In The Promise of Access: Technology Inequality and the Political Economy of Hope, published in 2021 by the MIT Press, Dr. Greene describes how the Clinton administration not only put computing training and internet access on the political agenda, but trained cities, states, and regions to think of their economic destiny in these terms–what he calls the ‘access doctrine.’ As the US deindustrialized, problems of outsourcing, automation, or over-policing instead were transformed into problems of skills gaps and human capital shortages. But, as Greene shows, it is analytical and critical thinking skills that have produced the greatest wage payoff since 1979, rather than technical skills. Since the 1990s, most new jobs have been in low-wage service work that does not require a college degree, particularly food and health care—not software development—and government projections predict the same for the next decade.
The Promise of Access builds on this political history with years of fieldwork within Washington D.C.’s schools, libraries, and civic-minded startups: places that prepare people for the labor market or care for them as they re-enter it. No one is here duped, Greene argues. Librarians understand the homeless patrons they serve have more complicated problems than just how to get internet access. Nonetheless, it is through their engagement with these people on the ‘wrong’ side of the digital divide that these professionals turn the problem of poverty into a problem of technology. Because these are the only terms on which these institutions can themselves survive.

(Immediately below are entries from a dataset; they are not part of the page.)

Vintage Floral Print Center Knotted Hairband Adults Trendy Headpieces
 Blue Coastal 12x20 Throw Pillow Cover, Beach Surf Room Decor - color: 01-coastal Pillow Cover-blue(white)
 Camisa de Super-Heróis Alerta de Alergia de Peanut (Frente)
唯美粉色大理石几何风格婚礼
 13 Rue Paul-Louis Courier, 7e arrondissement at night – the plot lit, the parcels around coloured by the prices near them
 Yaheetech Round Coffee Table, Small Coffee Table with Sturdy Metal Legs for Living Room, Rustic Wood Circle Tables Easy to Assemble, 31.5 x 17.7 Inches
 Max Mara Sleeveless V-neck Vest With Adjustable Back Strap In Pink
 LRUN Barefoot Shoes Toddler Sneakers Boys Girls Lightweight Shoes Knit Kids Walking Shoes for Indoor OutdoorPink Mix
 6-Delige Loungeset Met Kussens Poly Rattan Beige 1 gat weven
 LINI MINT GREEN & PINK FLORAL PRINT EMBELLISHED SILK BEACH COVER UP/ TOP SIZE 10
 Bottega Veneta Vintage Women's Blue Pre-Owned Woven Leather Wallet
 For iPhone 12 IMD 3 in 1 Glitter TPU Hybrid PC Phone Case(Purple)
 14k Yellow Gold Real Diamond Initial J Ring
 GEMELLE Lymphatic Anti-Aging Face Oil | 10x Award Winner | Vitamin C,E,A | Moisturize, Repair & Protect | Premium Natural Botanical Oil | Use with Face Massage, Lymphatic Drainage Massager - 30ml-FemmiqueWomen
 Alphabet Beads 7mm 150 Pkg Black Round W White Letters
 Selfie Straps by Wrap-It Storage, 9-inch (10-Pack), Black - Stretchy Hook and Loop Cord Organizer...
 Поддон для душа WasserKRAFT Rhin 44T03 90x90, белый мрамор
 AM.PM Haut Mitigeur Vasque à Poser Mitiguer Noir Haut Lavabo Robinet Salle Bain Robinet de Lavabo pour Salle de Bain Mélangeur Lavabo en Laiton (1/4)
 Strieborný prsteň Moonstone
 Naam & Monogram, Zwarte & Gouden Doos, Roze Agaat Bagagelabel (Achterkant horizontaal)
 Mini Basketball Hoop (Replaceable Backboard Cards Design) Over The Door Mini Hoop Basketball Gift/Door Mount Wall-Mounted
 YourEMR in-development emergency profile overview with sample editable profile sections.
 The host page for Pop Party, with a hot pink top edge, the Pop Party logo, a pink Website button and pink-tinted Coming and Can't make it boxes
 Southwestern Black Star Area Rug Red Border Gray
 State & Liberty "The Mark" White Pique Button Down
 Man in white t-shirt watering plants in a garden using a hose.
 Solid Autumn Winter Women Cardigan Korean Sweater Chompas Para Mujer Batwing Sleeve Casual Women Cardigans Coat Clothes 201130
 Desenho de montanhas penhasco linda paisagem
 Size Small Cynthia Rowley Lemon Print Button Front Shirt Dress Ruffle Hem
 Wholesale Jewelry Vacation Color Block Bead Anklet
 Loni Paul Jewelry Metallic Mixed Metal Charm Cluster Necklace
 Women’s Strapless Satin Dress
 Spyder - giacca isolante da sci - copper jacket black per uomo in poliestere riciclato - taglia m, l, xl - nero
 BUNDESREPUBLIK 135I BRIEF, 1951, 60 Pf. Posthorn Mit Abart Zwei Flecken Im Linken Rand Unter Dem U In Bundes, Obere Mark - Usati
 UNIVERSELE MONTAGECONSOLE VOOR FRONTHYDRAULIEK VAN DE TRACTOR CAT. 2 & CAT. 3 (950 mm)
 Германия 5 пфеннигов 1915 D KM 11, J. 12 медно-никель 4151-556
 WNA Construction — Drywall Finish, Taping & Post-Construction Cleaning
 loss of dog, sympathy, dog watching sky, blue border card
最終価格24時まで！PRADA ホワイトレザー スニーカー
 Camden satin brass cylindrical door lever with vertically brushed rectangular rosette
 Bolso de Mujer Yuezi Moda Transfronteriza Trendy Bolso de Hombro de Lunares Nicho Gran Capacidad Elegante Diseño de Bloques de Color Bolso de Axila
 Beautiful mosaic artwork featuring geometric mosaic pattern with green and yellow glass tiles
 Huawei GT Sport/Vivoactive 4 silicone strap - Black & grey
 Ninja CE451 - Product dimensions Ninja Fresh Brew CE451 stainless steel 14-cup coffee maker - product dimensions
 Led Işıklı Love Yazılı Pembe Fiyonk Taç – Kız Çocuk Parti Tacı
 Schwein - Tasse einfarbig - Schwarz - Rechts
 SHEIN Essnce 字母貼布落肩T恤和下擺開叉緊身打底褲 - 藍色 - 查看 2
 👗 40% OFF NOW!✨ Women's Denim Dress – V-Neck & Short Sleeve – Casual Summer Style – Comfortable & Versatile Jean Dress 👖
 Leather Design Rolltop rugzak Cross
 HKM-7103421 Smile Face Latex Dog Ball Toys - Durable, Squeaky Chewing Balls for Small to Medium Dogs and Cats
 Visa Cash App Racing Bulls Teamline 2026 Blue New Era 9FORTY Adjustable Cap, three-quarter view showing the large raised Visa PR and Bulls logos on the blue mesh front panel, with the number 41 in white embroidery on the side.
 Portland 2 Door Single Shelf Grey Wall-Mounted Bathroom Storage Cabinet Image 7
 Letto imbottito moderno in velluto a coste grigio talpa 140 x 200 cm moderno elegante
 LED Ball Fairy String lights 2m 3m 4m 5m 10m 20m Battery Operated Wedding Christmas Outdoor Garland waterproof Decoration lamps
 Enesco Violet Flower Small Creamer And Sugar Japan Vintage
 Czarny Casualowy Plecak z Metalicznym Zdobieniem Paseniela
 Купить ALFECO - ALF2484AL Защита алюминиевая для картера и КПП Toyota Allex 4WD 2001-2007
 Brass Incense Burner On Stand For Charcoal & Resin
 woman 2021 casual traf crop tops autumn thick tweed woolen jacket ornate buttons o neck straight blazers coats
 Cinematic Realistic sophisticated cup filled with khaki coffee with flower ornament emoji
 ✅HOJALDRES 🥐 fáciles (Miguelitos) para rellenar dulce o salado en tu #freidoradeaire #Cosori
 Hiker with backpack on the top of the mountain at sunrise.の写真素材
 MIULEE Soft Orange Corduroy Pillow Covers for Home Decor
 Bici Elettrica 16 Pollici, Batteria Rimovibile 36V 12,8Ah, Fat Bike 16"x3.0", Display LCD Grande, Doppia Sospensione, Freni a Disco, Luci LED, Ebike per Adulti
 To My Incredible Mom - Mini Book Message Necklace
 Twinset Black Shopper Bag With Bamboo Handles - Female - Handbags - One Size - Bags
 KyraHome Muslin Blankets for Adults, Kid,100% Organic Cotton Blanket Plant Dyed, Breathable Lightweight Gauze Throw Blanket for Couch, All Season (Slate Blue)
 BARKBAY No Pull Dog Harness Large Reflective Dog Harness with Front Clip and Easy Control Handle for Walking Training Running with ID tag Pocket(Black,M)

Since the 1990s, institutions like schools and libraries have been completely remodeled to focus on providing computing, coding, and technology skills to community members, with the promise that this can be life changing.
But if the results aren’t there, why do schools keep reinventing their curriculum to train new computer scientists? Why do libraries keep remodeling themselves to look like Apple Stores?
Embracing this mission saves institutions who are themselves under threat and increasingly overwhelmed by the social problems they face every day. The librarian has faced decades of budget cuts, and has also had to become a nurse, social worker, security guard, nutritionist, and translator—in addition to what they were trained to do in library school. And who even needs a library when we have Wikipedia? The access doctrine provides a set of ready solutions, legible to the administrators, politicians, and donors who might relieve the pressure on the institution.
“This is the power of the access doctrine. And, from it flows new policy, new curriculum, new degrees, new jobs, new buildings,” says Dr. Greene. “The problem of poverty is so much more complicated than the digital divide, yet we’re stuck in a rut of defining poverty this way.” A vicious cycle develops, where the people the institution is meant to serve are increasingly marginalized by it, because they don’t fit that mission. Greene captures this dynamic with dozens of human stories and simple questions with no clear answer, such as who is allowed to sleep in the library.
By comparing these different institutions and the story of the people in them, Dr. Greene explains this pattern through three organizational tendencies: 1) Professionals’ tendency to generalize from their own biographies; 2) the importance of ‘bridging organizations’ like Teach for America which present private sector examples to public servants; and 3) ambiguity in public service missions that leads to desperate searches for successful models.
Ultimately, this is not a fight that schools and libraries can win—our precarious labor market is beyond their control. So Greene instead proposes a political solution. Rather than schools and libraries continuing to bring helper and helped together in an unequal relationship and continuing to offer students and patrons a technological life raft, instead librarians and teachers can organize alongside those who need help to demand the space and resources the whole community needs.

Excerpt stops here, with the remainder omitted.